Opponents, however, have filed numerous appeals to the Coastal Commission challenging the Coastal Plan changes that voters approved. Environmentalists say the project will have too much of an impact on an already diminished Del Monte Forest, which, they note, is one of only five such coastal pine forests in the world.
Commission staff says the preservation efforts are not enough and that the entire project “cannot be reconciled” with the Coastal Act.
But that’s what the staff says. Commissioners, however, are politically appointed, and therein lies a new controversy. Friday, Assembly Speaker Fabian Nuñez, D-Los Angeles, who with the governor and the state Senate Rules Committee controls four appointments on the commission, announced he is naming three new alternates to the commission. But the commission staff said Monday that one of these alternates should not show up as requested to substitute for a commissioner who has expressed misgivings about the Pebble Beach project.

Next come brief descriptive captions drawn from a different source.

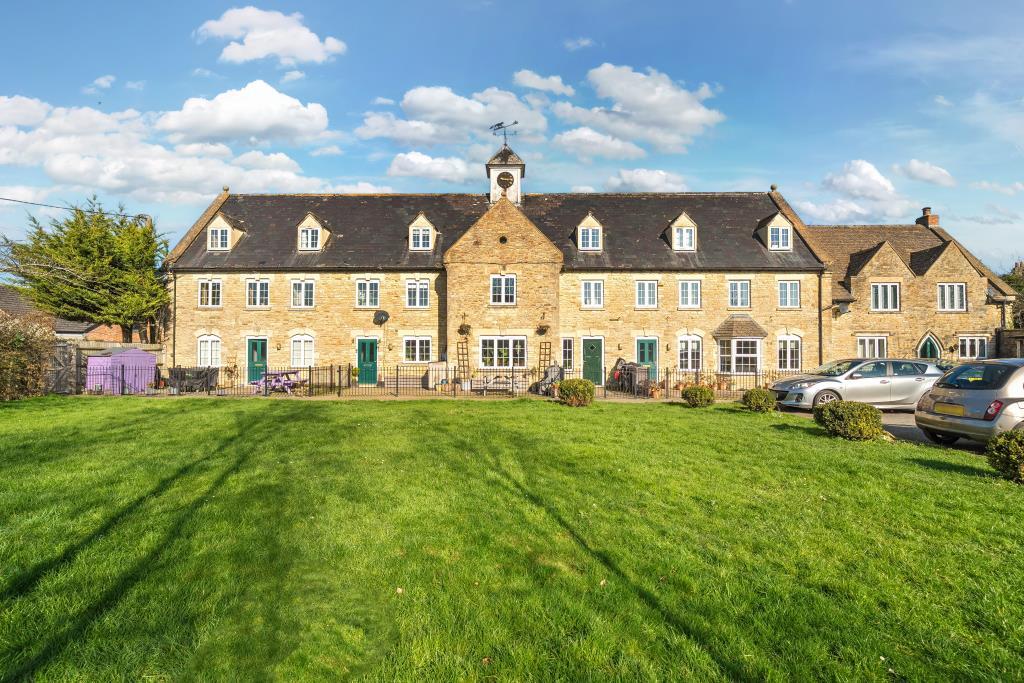 Main image of property: Heathfield, Bletchingdon, OX5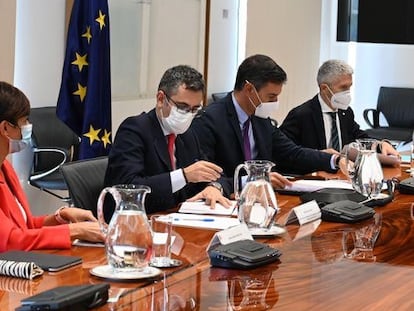 Desde la izquierda, Isabel Rodríguez, Félix Bolaños, Pedro Sánchez y Fernando Grande-Marlaska, en la reunión de la Comisión Mixta.
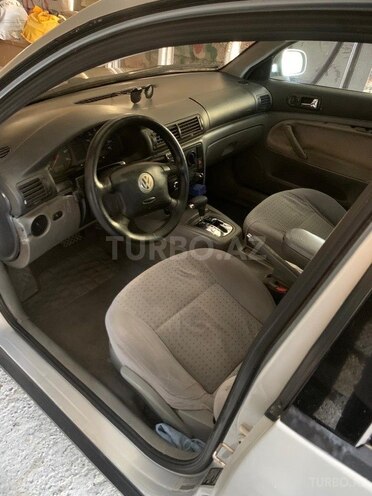 Volkswagen Passat-3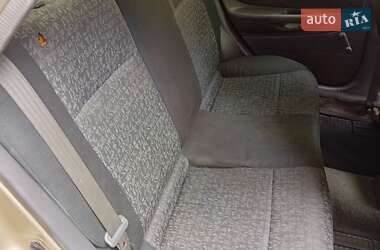 Седан Mazda 323 1999 в Одессе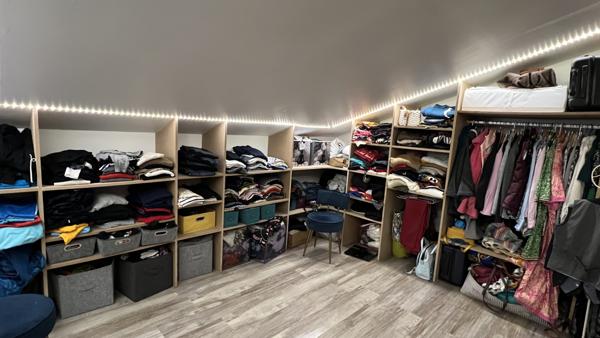 Prahecq (79230) À 18 kms de NIORT, MAISON 4 CHAMBRES, SALON, SEJOUR AVEC MEZZANINE, CUISINE AMÉNAGÉE ET ÉQUIPÉE, GARAGE, PRÉAU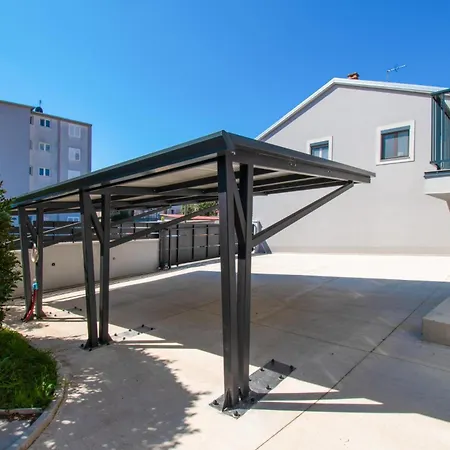 Life Modern With Terraces Near Arena - Free Parking - Walk To Center * Πούλα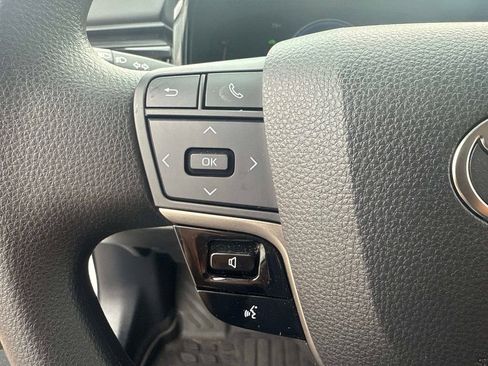 Used 2025 Toyota Camry LE w/ Convenience Package image 26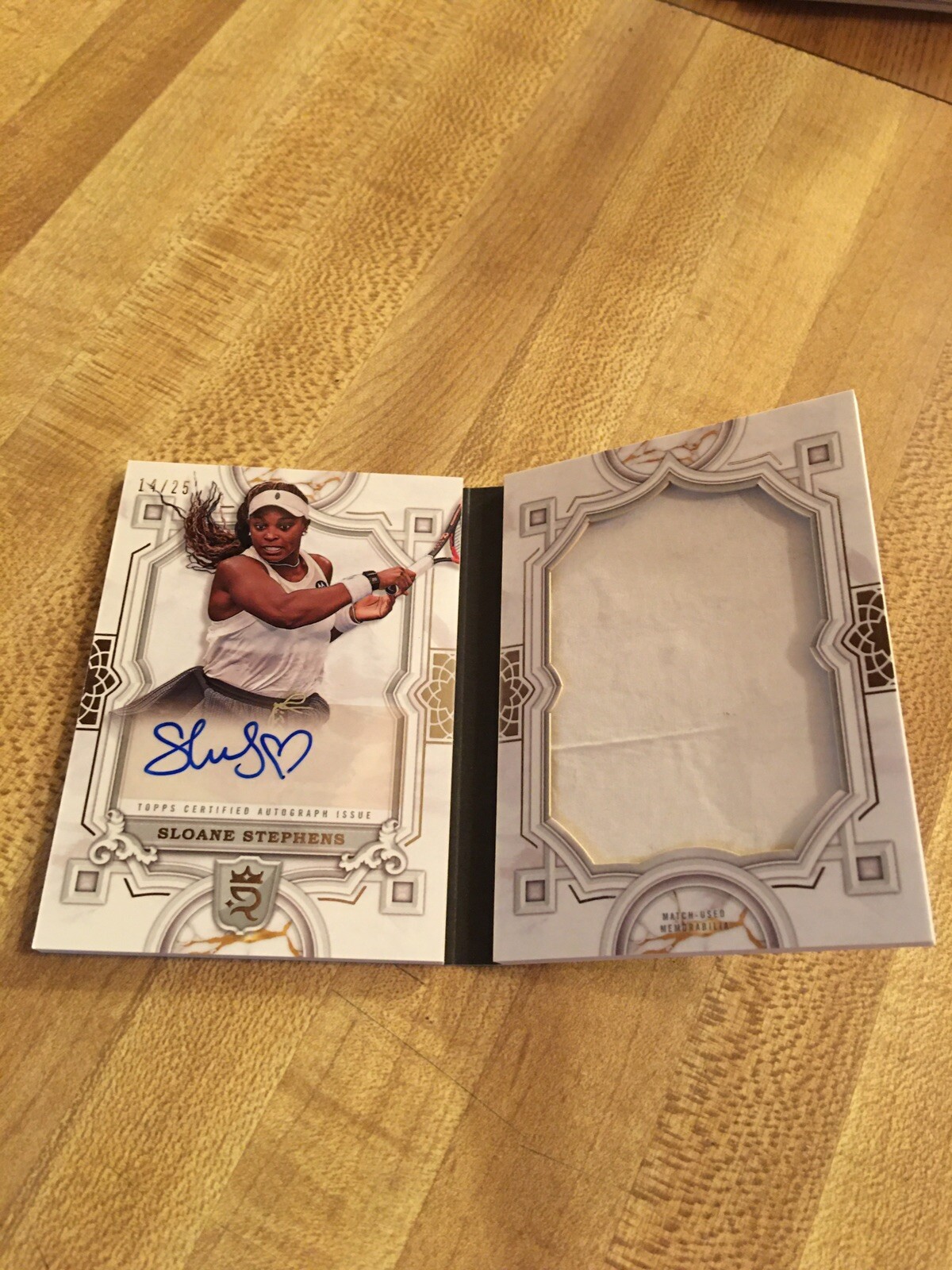 2024 TOPPS ROYALTY TENNIS AUTOGRAPH JUMBO RELIC BOOK CARD /25 SLOANE STEPHENS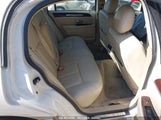 LINCOLN TOWN CAR SIGNATURE LIMITED 1LNHM82V67Y****** fotografie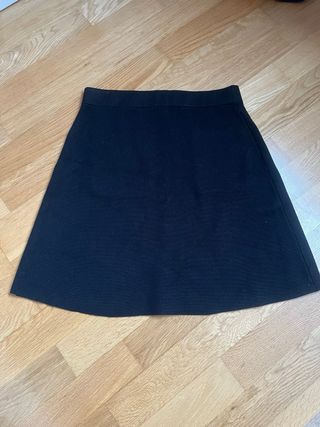 Falda de punto negra con bolsillos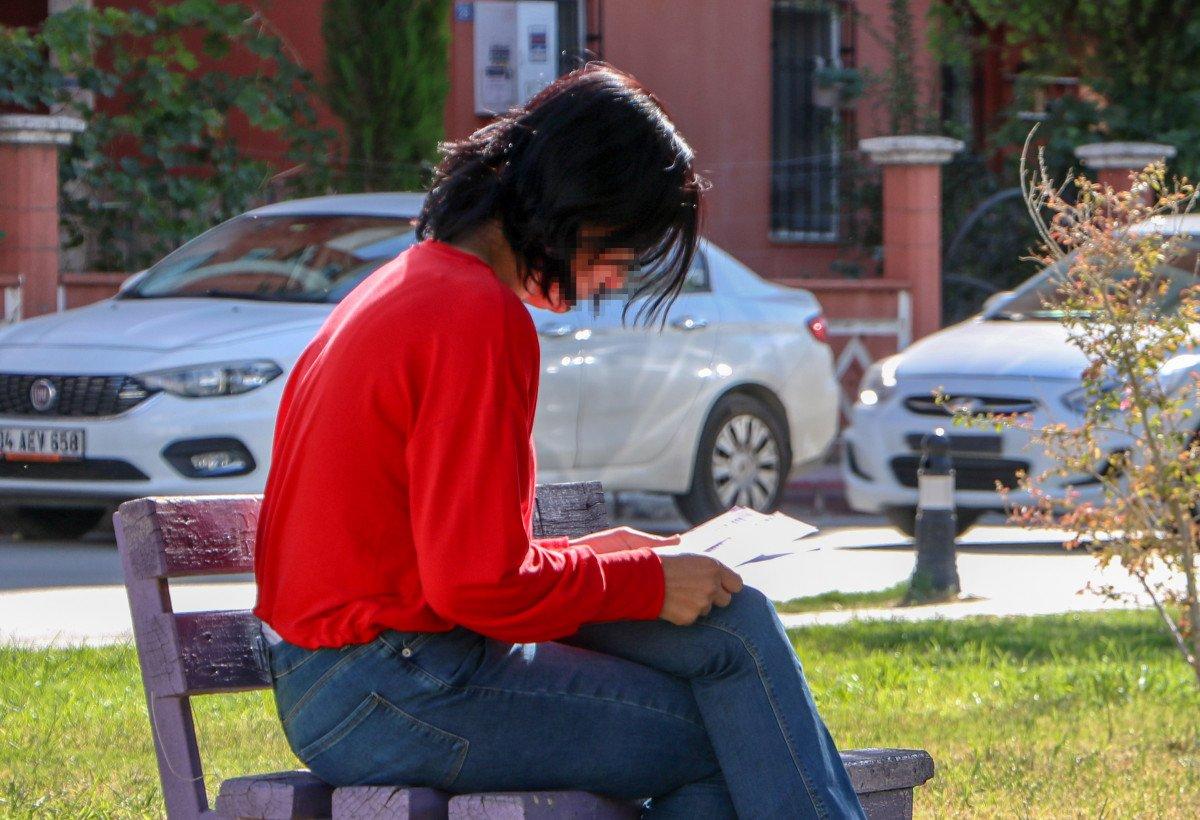 Otizmli oğlunu kabullenmeyen kocasını terk etti, yardım istiyor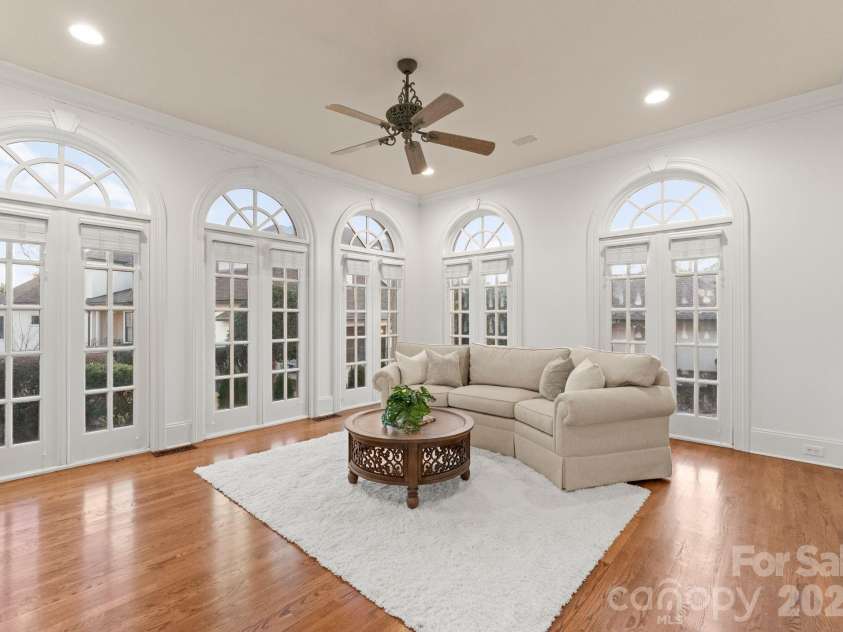 17429 Staysail Court, Cornelius, NC 28031.  MLS# CAR4337983, YatesRealty ID 2322. Primary suite sitting area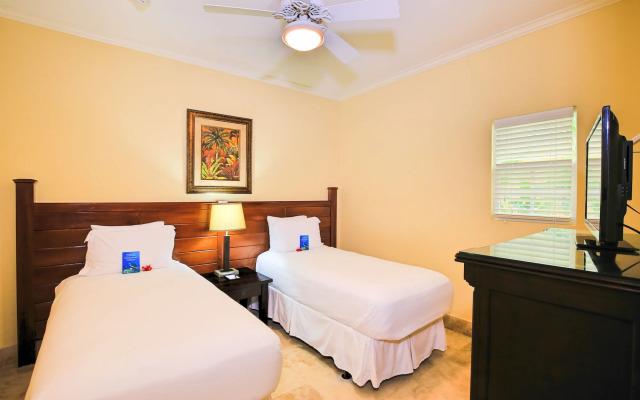 Windsong on the Reef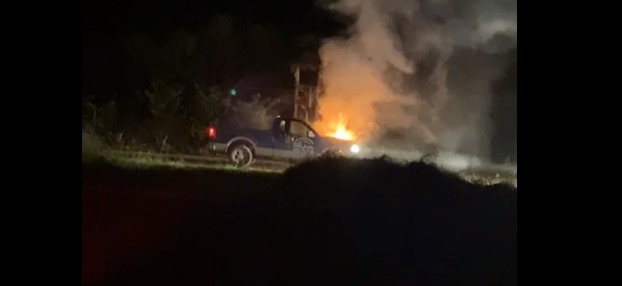 Camioneta se incendia y termina en pérdida total en carretera de Tulum: VIDEO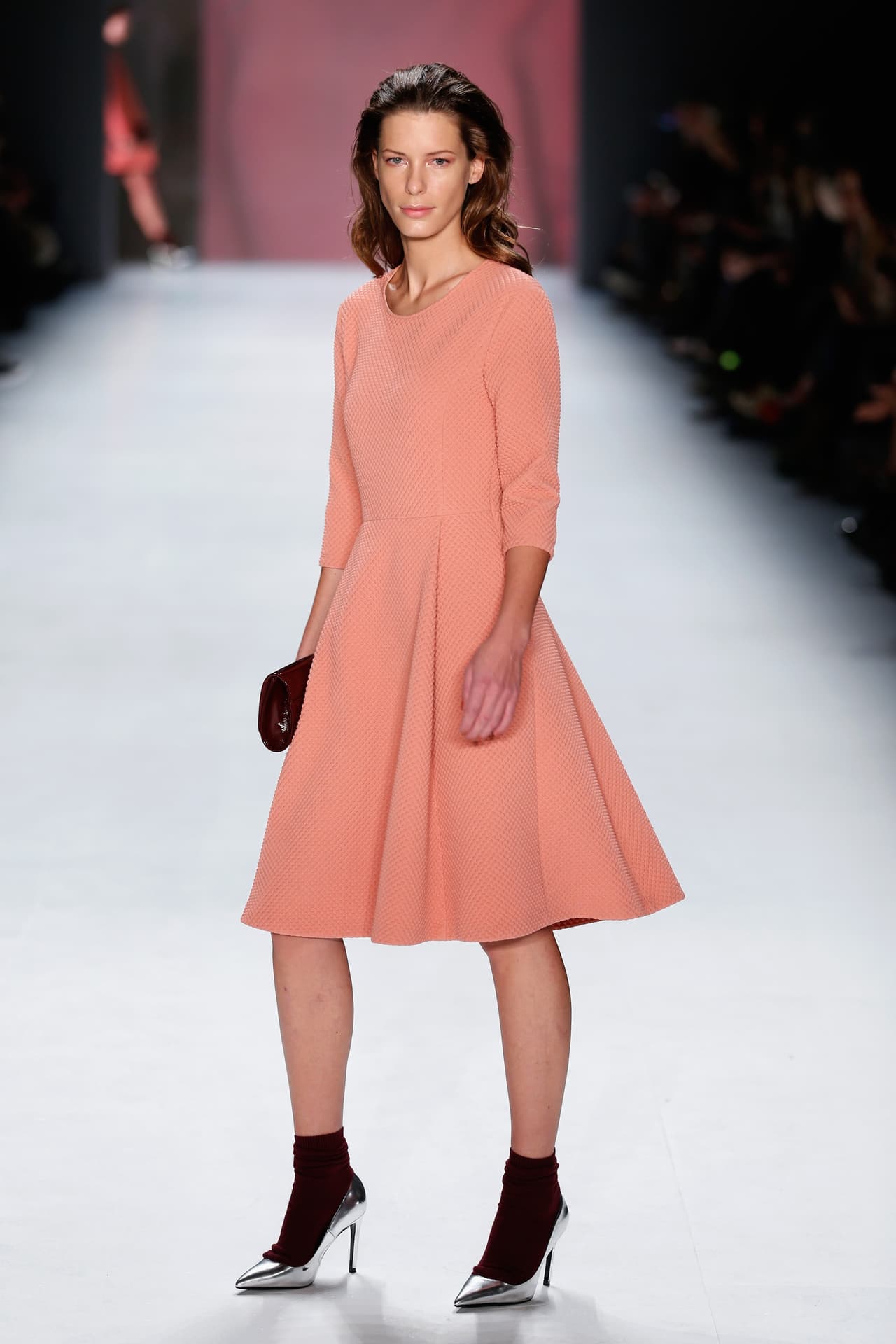 Hasta los vestidos más formales pueden llevarse con esta apuesta. Una manera de hacerlo es buscar unos pumps clásicos en plateado y jugar con el color de las medias.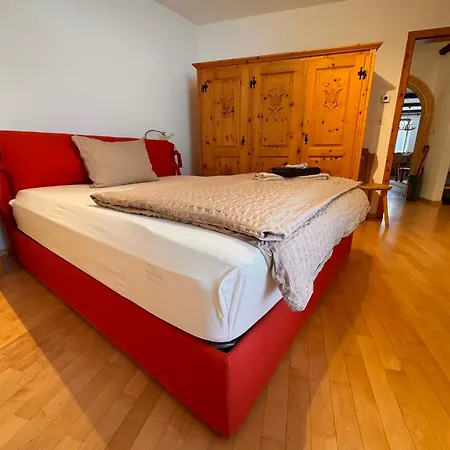 شقة 3.5 Dmura Bernina *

Longtime Coastal Commission Executive Director Peter Douglas says Nuñez has no authority to name alternates to fill in for absent commissioners. Nuñez’s move also angered environmentalists who suspected the speaker was trying to stack the deck for approval of the project.
This is a classic coastal battle, with the people of Monterey County saying they want this project, and environmentalists vowing it will never happen. Commissioners have gone against staff in the past, but can do so only if they find legal grounds.
Would this ever happen in Santa Cruz County? Probably not, but Pebble Beach is hardly Santa Cruz.
We can only hope the Coastal Commission puts political pressure aside and makes its decisions on the legal merits.